Uh, and it’s pretty liberal. It’s usually about 56 cents a mile at the moment. Or you can take, uh, actual expenses. If you believe actual expenses is more and a good tax repair, if you’re working with a good tax repair, they’re going to look at both of the sides of those and see which. is better for you.

Now, there’s some instances where you have to actually do actual miles. For instance, if you have a fleet, if you were in the taxi cab business and you had more [00:07:00] than five taxicabs, you actually have to use expenses.

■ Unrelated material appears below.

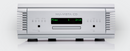 Lecteur CD Musical Fidelity NU-VISTA - Argent
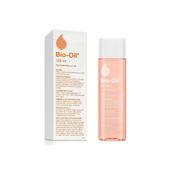 Bio Oil Skin Care Oil 125ml - Shams Shopping Centre Bio Oil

If you’re, uh, in an S corporation or a partnership recompensation plan, uh,

You have to actually, or the corporation owns it, you have to actually use actual expenses. You can’t use the mileage log. So, okay, thank you. What about, you mentioned the cabs with five, now does that translate as well to our painting contractors who have five plus vehicles in their fleet? That would be, yes, absolutely.

And generally, uh, if you’ve, if you, if you built your business to that point, you’re going to be incorporated as an either corporation or S corporation or partnership. And in that, in that case, um, you’re going to have to do actual expenses anyway, if the company owns the vehicles. Okay. So as, as, uh, somebody has grown at that point, there’s, um, Looking for more opportunities here for saving taxes.

[00:08:00] The, uh, there’s an opportunity to take a Salary and draw, but we need to take a reasonable salary and then we can take the rest and draw How do you know what that balance is? That’s a good question the the IRS actually has a table of average salaries for occupations that you can actually look at. Um, but a general rule of thumb from the IRS is that they consider a reasonable salary of 40 to 60% of your net profit.

If you’re a sole proprietor or, uh, you know, or a, you know, like, like a one person, uh, uh, S corporation or something like that, that’s what they’re looking for. Because if you don’t, if you have a, of course, if you have a sole proprietorship, a hundred percent of your net profit is subject to. Uh, taxes, state taxes, federal taxes, state [00:09:00] taxes, and, uh, unemployment and, um, your, your payroll taxes.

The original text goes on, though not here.